Blackstone ist nicht der einzige Finanzinvestor, der auf dem Berliner Wohnungsmarkt aktiv ist. Wie viele es sind, ist vollkommen unklar. In Eigentümergruppen gegliedert, fallen sie in die größte Gruppe – die privaten Unternehmen.
Immobilienexperte Michael Voigtländer am Institut der Deutschen Wirtschaft in Köln hält die Zahl der ausländischen Investoren eher für überschätzt, sagt aber auch: „Wir haben relativ wenig Transparenz, was Eigentumsverhältnisse in Deutschland angeht“. Aufgrund dieser fehlenden Daten sei es für den Staat relativ schwer, das zu beobachten. Die Forschung ist dadurch oft auf Einzelfälle angewiesen. Mit einem öffentlichen Immobilienregister könnte besser beobachtet werden, inwiefern sich der Anteil bestimmter Investoren verändere, meint der Experte. „Ein Register könnte eine Grundlage für eine rationalere Wohnungspolitik stellen”, sagt Voigtländer.
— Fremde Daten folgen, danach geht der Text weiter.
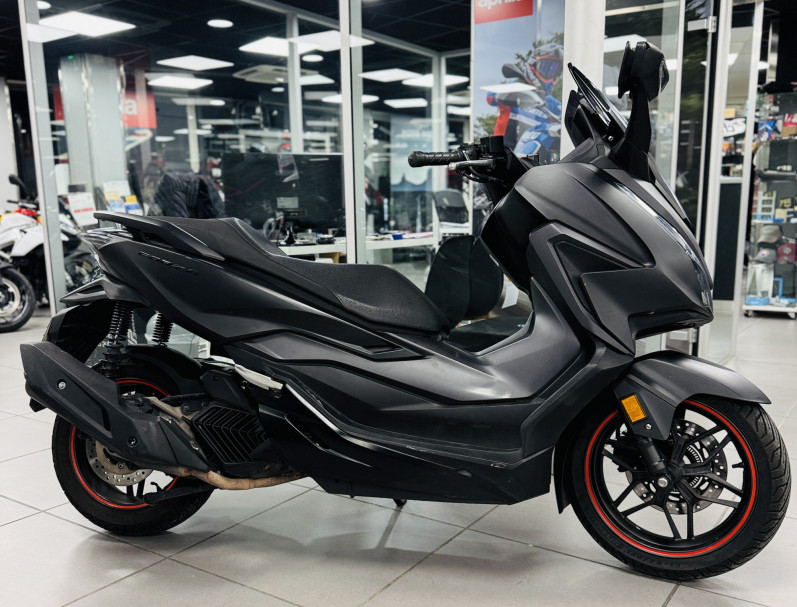 HONDA NSS FORZA  125AD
Aber ein solches Register gibt es in Deutschland nicht. Also bleibt manches unentdeckt – auch bei Blackstone. „Weil Blackstone selbst an vielen Stellen ein schwarzes Loch ist, in dem hunderte Milliarden Euro verschwinden, können wir selbst mit intensiver Recherche nicht sagen, wie viele Immobilien Blackstone ganz genau in Berlin besitzt”, sagt auch Trautvetter. Unklar ist seiner Einschätzung nach auch, ob und in welchen anderen Blackstone-Fonds Berliner Immobilien enthalten sind. So könnten noch weitere Tochtergesellschaften, nicht nur die „Blackstone Property Partners Europe Holdings S.à r.l.”, kurz BPPEH, Immobilien halten.
Blackstones Rechnung mit Berliner Wohnungen scheint allerdings nur so halb aufzugehen. Im BPPEH-Geschäftsbericht aus Luxemburg heißt es: Wegen des Mietendeckels sei im vergangenen Jahr der Wert des Wohnungsportfolios gesunken. Obwohl man nach wie vor an die langfristigen Faktoren für ein Investment auf dem Berliner Wohnungsmarkt glaube, bestehe eine erhebliche Unsicherheit.
Bedeutet diese Unsicherheit für Investoren mehr Sicherheit für die Mieterinnen und Mieter? In Kreuzberg ist man da unsicher. Nachdem der Rausschmiss gescheitert ist, könnten Umwandlungen in Eigentumswohnungen anstehen, fürchten Mieter. Da würde auch der Mietendeckel nicht helfen.